Postharvest losses (PHL) in fresh produce chains are a substantial problem worldwide. The problem is most prevalent and persistent in developing countries, even though many intervention strategies have been proposed. The overall objective of this research was to understand the influence of logistics and quality control activities, as well as context factors, on the incidence of PHL in fresh produce chains. For this purpose, four studies (Chapter 2-5) were conducted, in which three of the studies included case studies in tomato supply chains in Zimbabwe.
In Chapter 2, a hierarchical framework for logistics and quality control decisions influencing PHL in fresh produce chains was developed based on a literature review. The framework was used to categorise PHL reduction interventions (proposed in literature) as strategic, tactical or operational. In Chapter 3, a diagnostic tool to concurrently assess the status of logistics and quality control activities, in view of the context wherein the fresh supply chain actors operate was developed. The tool was applied in the case study of tomato supply chains in Zimbabwe with different farmer types i.e., small-scale subsistence farmers, small-scale commercial, and large-scale commercial farmers. Logistics and quality control activities, as well as, the context characteristics that are determinants of PHL in tomato supply chains in Zimbabwe were identified in Chapter 4. Furthermore, a framework for a step-wise implementation of interventions for PHL reduction in fresh produce chains at different stages was developed. In Chapter 4, the magnitude of all the three types of PHL (quantitative, qualitative, and economic losses) in tomato supply chains in Zimbabwe was investigated.

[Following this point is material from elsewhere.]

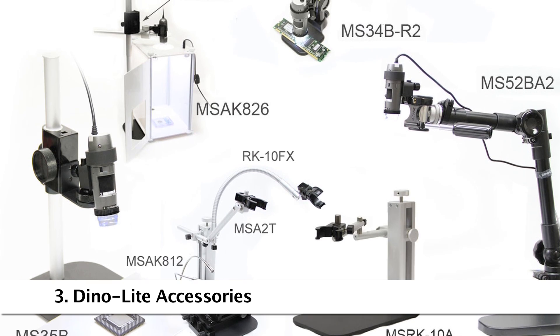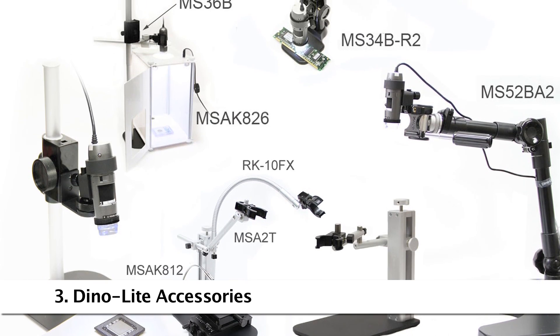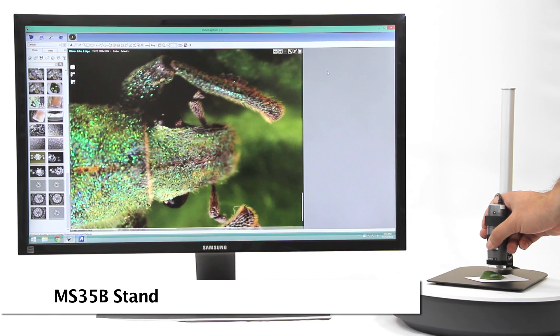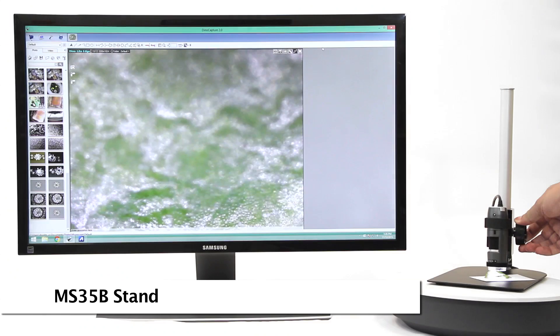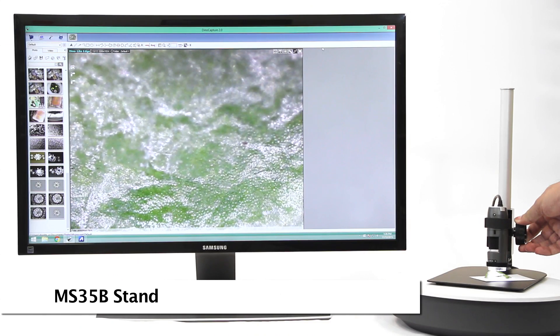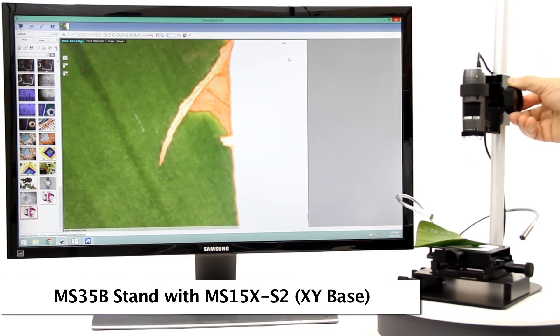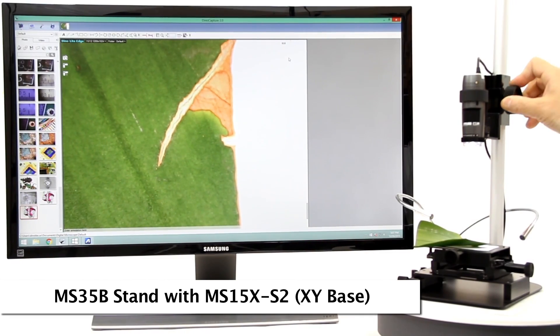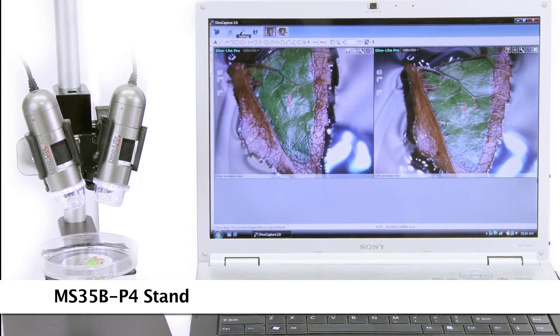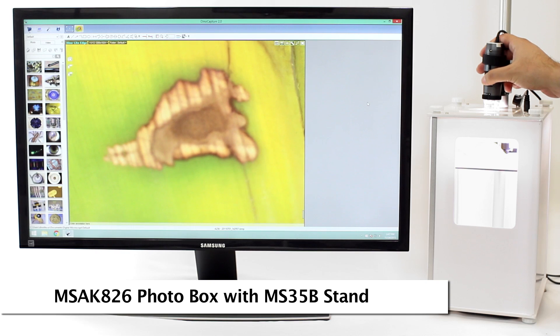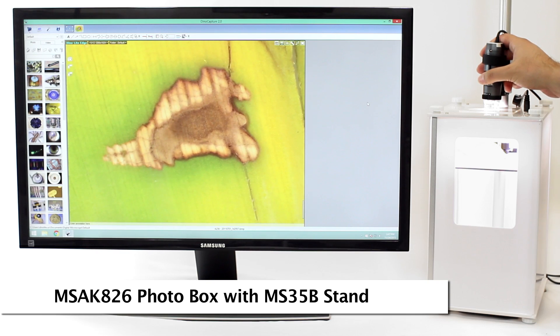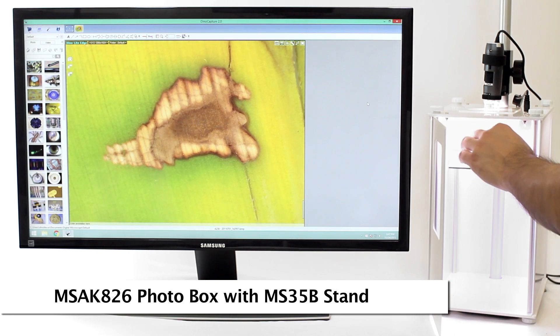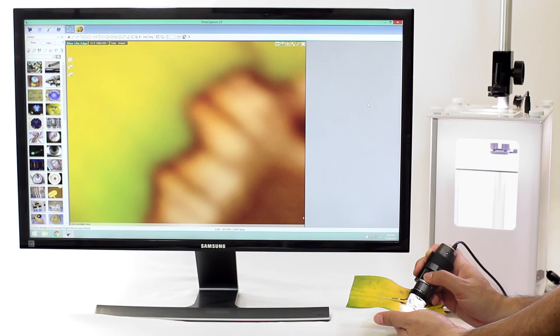Here are some compatible and recommended accessories. The MS-35B is a reliable stand with simple height adjustment and a fine adjustment knob that can be paired with the precise movement XY base. The MS-K826 photo lightbox provides a controlled lighting environment for premium imaging results.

The results revealed that subsistence farmers performed logistics and quality control activities at a low level, whereas they operate in a highly vulnerable context. The chains for subsistence farmers are characterised by absence of or basic storage and transportation facilities, and lack of financial resources, as compared to chains for commercial farmers, which are characterised by modern storage and transportation facilities, and access to financial resources, as compared to that for subsistence farmers. Furthermore, the results showed that multiple determinants for PHL were found that rooted in as well the logistics as quality control activities as in the context. These multiple causal roots should be considered when designing effective interventions for PHL reduction. The comprehensive investigation of the different types of PHL (as well quantitative as qualitative as economic) demonstrated that even though quantitative losses were relatively low compared to other literature findings, the financial consequences of economic PHL for particularly subsistence farmers are substantial. This underpins that estimating PHL based only on quantitative losses results in an underestimation of the actual PHL. Overall, the insights provided in this thesis could be used in designing and implementing tailored interventions for PHL reduction, thereby, contributing to improvement towards sustainable fresh produce chains.